Quick review
The good
The not-so-good
The first pair of headphones from speaker brand Sonos, the Sonos Ace are a grand slam, delivering so many high-end features in a pair made to work for movies, music, and anything else in between.
You don’t have to look hard to find a selection of premium headphones out in the world, but the question of which is better isn’t always an easy answer.
If you’re an iPhone user, you’ll almost always be guided to a pair Apple makes, particularly if you use Apple Music, but what if you listen to Spotify? And what if you dance with Android? What then?
Picking between the best noise cancelling headphones isn’t easy, often landing on feature set. If you need the best noise cancelling, there are options. And if you’re picking on comfort, there are options there, too.
But what if you want something to fit in with your speaker system at home? The first pair from Sonos has that in mind, as the Ace aims at offering an extra feature for folks who have a Sonos speaker or two in their lives already.
Design and features
Sonos’ first headphones, the Ace comes with features not unlike products as high-end as the rest of the brand. While the company’s speakers often come with custom drivers and several amplifiers, the Ace headphones skip out on the latter because they don’t need them, retaining the former because they do matter here.
There’s a custom 40mm driver in each cup, a Qualcomm Snapdragon Sound chip to process audio and wireless connections, four microphones on each ear for eight total, wear detection sensors, head-tracking sensors for dynamic spatial audio playback, a few buttons, and LED, and a choice of either white or black for how the headphones look.
Support for noise cancellation is included in the Ace, as is a hear-through transparency “Aware” mode, and there’s also support for lossless audio, too, dependent on your hardware. Some devices will get it wirelessly, others will need to plug in for the privilege, depending on how high the bitrate is.
The whole thing weighs 312g, making them a little on the heavy side, but comes with a case to store them, but a couple of cables for good measure, as well. Plastic, vegan leather, and stainless steel form the design, with a premium look and feel.

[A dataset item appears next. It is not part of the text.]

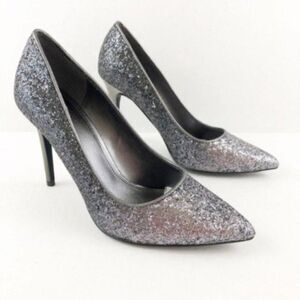 MICHAEL KORS Claire Glitter Pumps Gunmetal 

Glance at the design, and you might be reminded of the AirPods Max, with a flat ovular look that feels as though a pair of Sony headphones also made the design cut. It’s pleasant and easy on the eyes, while also conforming with that typically high-end look Sonos speakers receive.
In-use
Don the headphones and you should find a decent amount of comfort, thanks in part to around-ear circumaural cups that fit comfortably. Each was large enough for our ears, and will likely be fine for yours, too.

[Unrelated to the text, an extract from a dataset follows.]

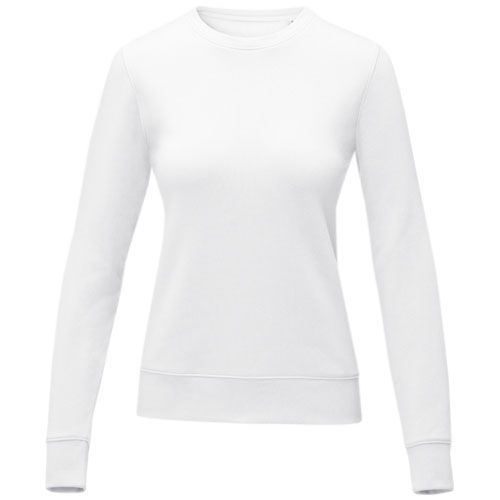 white Jersey de cuello redondo para mujer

Sonos has also labelled left and right clearly on the replaceable earpads, which clip into place using magnets should you need to replace them later on.
There are a few controls on the cans, and they won’t require much in the way of memory, either. Sonos has skipped the touch panels here, likely because they can be hit and miss, instead going with buttons and a neat little volume controller that allows you to push up and down on a bit of a volume rocker of sorts. Press the button inside that rocker, and you’ll pause and play with one press, go forward a track with two, and back one with three.
It’s easy enough to recall, with the second button on the right can letting you cycle between noise cancelling modes, while the one button on the left can is for power and pairing.
For everything else, there’s the app, which lets you turn features on and off, including whether multipoint works and if the auto-pause sensor is working to cut the sound when the headphones are off your ears.
Performance
When they’re on your ears, you’ll likely be listening to something. To test how well they handle that, we’re diving into sound performance by running a pair of headphones through the Pickr Sound Test, which you can listen to for yourself, and that starts with electronic.
Specifically, it starts with Tycho and Daft Punk, each of which deliver a deep and spacious sound stage, offering beautifully layered instruments, a lovely set of warm mids and bass, and a rounded sound.
It’s a great first impression, and sets up the Ace beautifully for what comes next: pop is clear and punchy, while soul offers a solid warmth that’s impossible to deny. Even the guttural sounds of FKA Twigs’ “Two Weeks” are perfectly pronounced, with little lost, if any. The percussion can be heard, the foreboding keys and synth, and a well-layered delivery that just makes you shudder.
These are some great headphones, delivering solid balance and a touch of warmth, not unlike the brand’s speakers.
Jump into rock, jazz, and classical, however, and the Sonos Ace steps it up another level. It’s almost as if they handle over-engineered modern music well, but are made for the beautifully mixed and mastered tracks even more so.
Whether we’re listening to Rage Against The Machine, the Deftones, Muse or The Beatles, the sound is a brilliant rendition worthy of Sonos’ speakers, and we suspect that’s the point. As usual, listening to David Bowie is a joy, and something the Sonos Ace allows you to take so much delight in, and it’s much the same with jazz and classical.
From two instruments jamming to a quartet just having a ball, the delivery is a joy in the Sonos Ace. As we said before, these are some great headphones. You won’t be disappointed with the sound.
They will love what you listen to, and make you want to listen to it all some more. That’s not a bad thing.
Noise cancellation
Active noise cancellation is clearly a major part of these headphones, and it’s a part that definitely works to block much of the noise of the world, but mightn’t feel as on the ball as other high-end brands.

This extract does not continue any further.